The warning highlights the challenge of aligning long lead-time infrastructure with rapidly changing demand. Data centers require power to run servers 24/7, and their expansion can translate into large, steady electricity loads. Utility planning processes typically involve building or contracting for new capacity years in advance, with regulators and stakeholders reviewing projects and cost recovery.
From an energy-market perspective, a utility planning gap can also translate into higher urgency around resource adequacy, interconnection queues, and dispatchable supply. If demand growth outstrips additions, utilities may need to secure more flexible capacity and consider alternative storage and generation options, even if those resources are more localized than traditional large central plants.

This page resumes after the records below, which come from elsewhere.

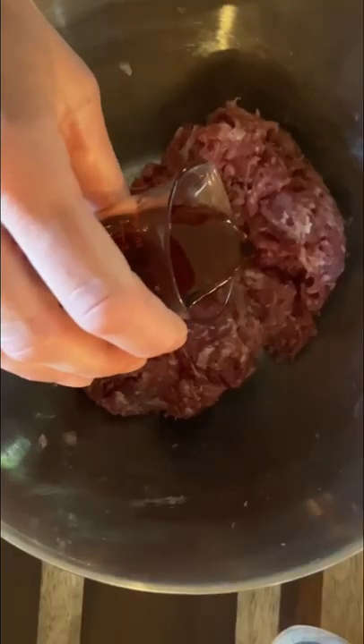Then it's time to add the real maple syrup, we poured it in here. I also forgot to video it, but you also add some cold water as well and mix again.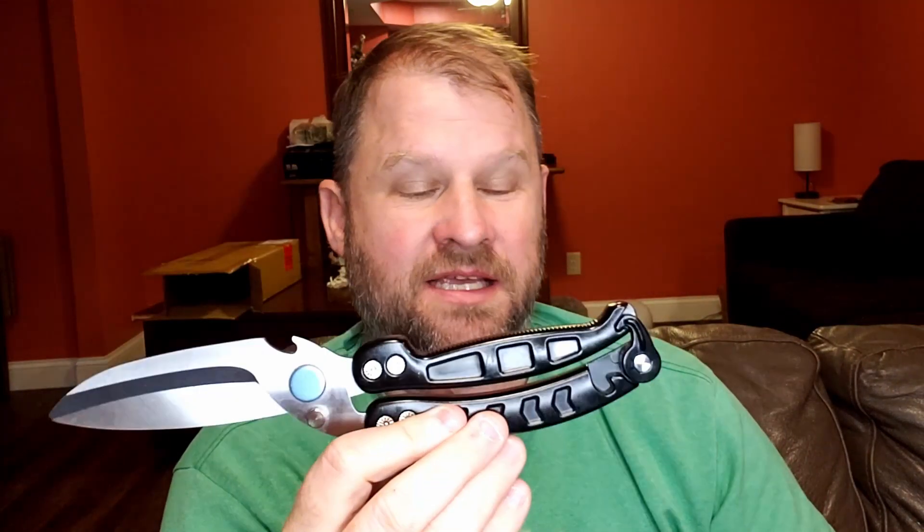Hey everybody, hope you're having a beautiful day today. Today I am reviewing these kitchen scissors. They are truly a beast. These are all entirely made of metal. They're strong, they're durable, they're pretty amazing.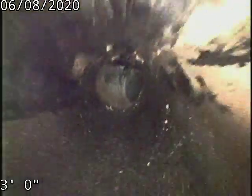Again, this is our post scope after the repair. This does show a clean and functioning sewer line.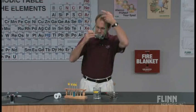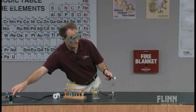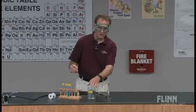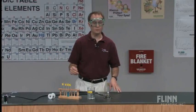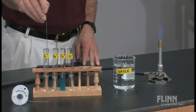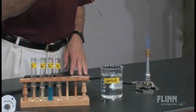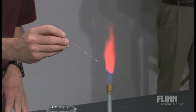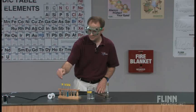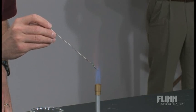I also have a beaker of rinse water so that we don't contaminate as we go from one test tube to another. All I do is take the nichrome wire, insert it down into the solution, pull it out, and carefully bring it over to the Bunsen burner flame.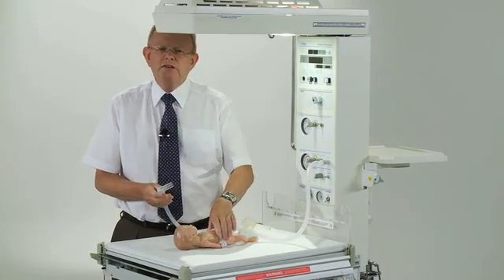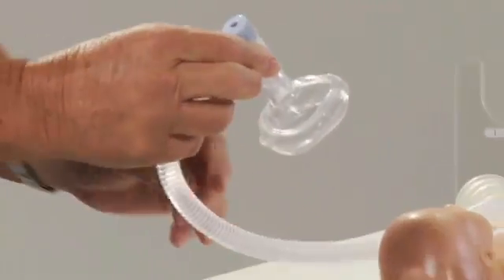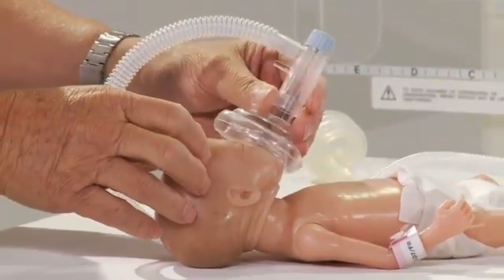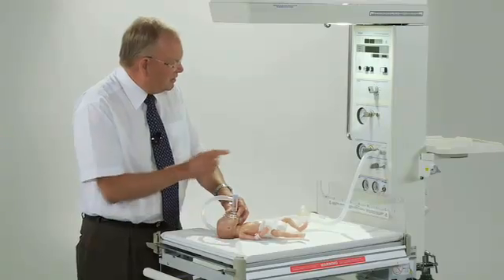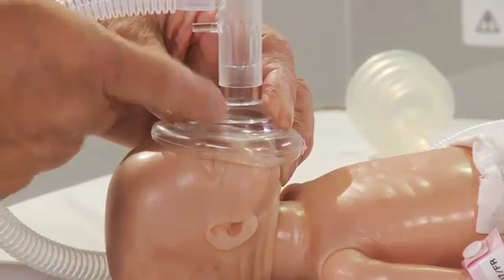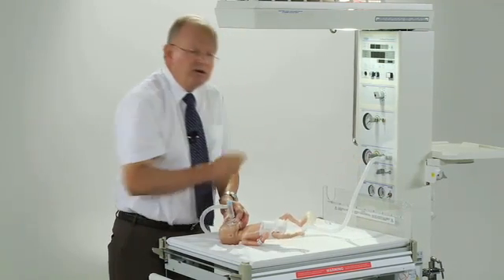First of all, if we're going to give the baby face mask CPAP, we would attach the mask to the device. Remember, I've got it now set to deliver a CPAP pressure of 6. I'm going to just turn the baby sideways a little and put the mask on the baby's face, with an even pressure down and some chin lift. And I watch here to make sure that I'm delivering the CPAP pressure. In this situation, the baby would be breathing spontaneously, breathing the gas being delivered — at the moment I've got it on air — with a CPAP pressure of 6 centimetres of water.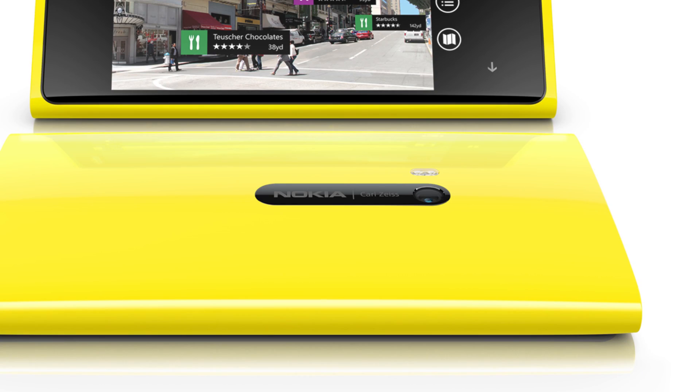One of the more impressive things to me is the PureView camera. Now I know this isn't going to be a 42-megapixel behemoth, but it still does have 8.7 megapixels to work with. The really cool thing here is that it does have optical image stabilization — a first for smartphones — and what it means is that there are tiny little springs built into the lens of the camera.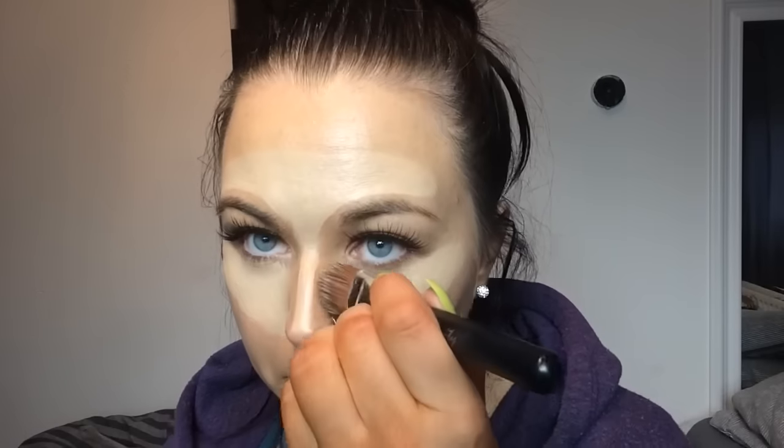Next I'm onto my contour with this eBay palette. I'm using the medium brown and I'm putting this just in the contours of my face — underneath my cheekbones, down the sides of my nose, and around my forehead. You could put this under your chin as well if you wanted to, but I just don't in this tutorial.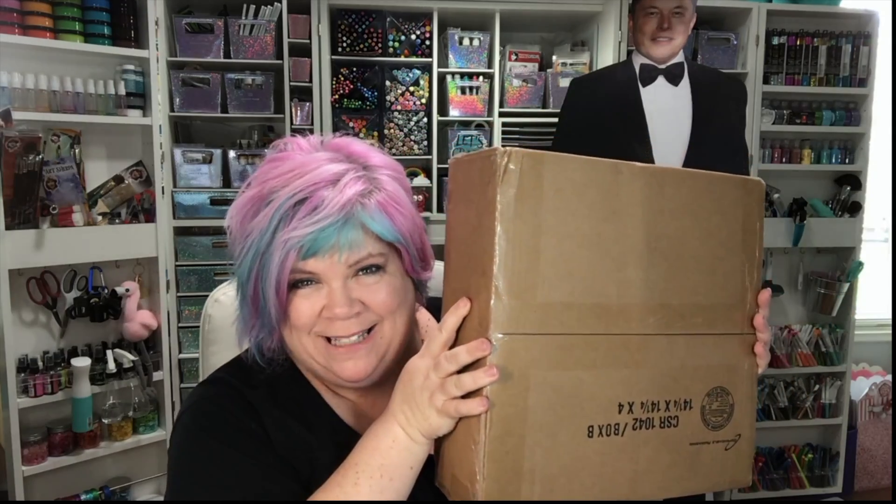It's time for a mystery box! This one's a big one. It does not have a cutie in this one, so this one is available for everybody in the United States and Canada.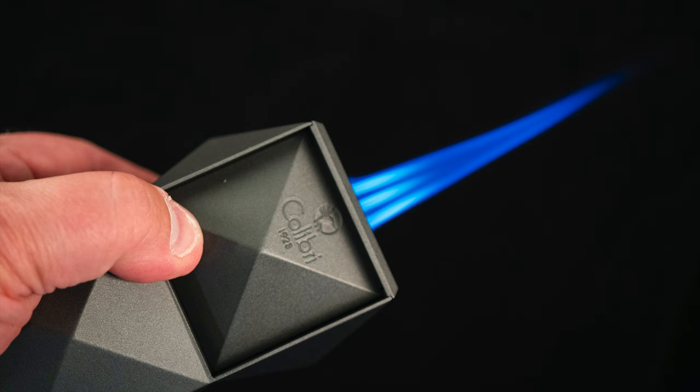As you can see, the three jets are angled inward, which makes quick work of big ring gauge cigars and can still do a respectable job on lanceros and skinnier cigars without scorching the sides. Like any lighter you have to be careful with it, but for the most part it does a pretty good job on any size and shape I've thrown at it. So that's what that looks like — let's turn the lights back up.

BofA’s framing points to a broader theme for the power sector: electricity demand in parts of the United States is being pulled by a new wave of high-consumption technology infrastructure. While the long-term need for both wires (transmission and distribution) and generation remains, the timing challenge becomes more acute when demand growth accelerates faster than system build cycles.
Still, details that would normally help investors and utilities calibrate the forecast were not provided in the summary. The post did not specify which utility territories or planning assumptions drove the more-than-100 gigawatt comparison, nor did it disclose the specific timeframe for when utilities would be forced to adjust plans or how regulators might respond.
What to watch next is whether utilities and grid planners update integrated resource plans, procurement schedules, and interconnection practices in response to the type of scenario BofA outlined. Developers of battery systems and gas generation, along with data center operators, may also face increased scrutiny as contracts and deployment timing shift to manage near-term demand needs through 2030.
Why It Matters
- If demand growth continues to exceed utility additions, some regions could face resource adequacy pressures that affect reliability planning and procurement decisions.
- Greater reliance on localized supply options, such as on-site gas and batteries, could change contracting patterns and infrastructure investment priorities for utilities and large power users.
- The forecast underscores the risk of timing mismatches between electricity demand surges and long lead-time generation and grid projects.
- For the financial sector, shifting power supply strategies can influence credit and risk assessments tied to utilities, grid projects, and infrastructure financing.
Sources
Key Facts
- Bank of America analysts project U.S. data center electricity demand will outpace planned utility capacity additions by more than 100 gigawatts through 2030.
- The projected imbalance could increase reliance on on-site gas generation to meet power needs closer to where demand occurs.
- BofA also expects greater use of battery energy storage as part of the response to tighter supply margins.
- The warning is tied to growth in AI-related data center load and the implications for utility generation planning timelines.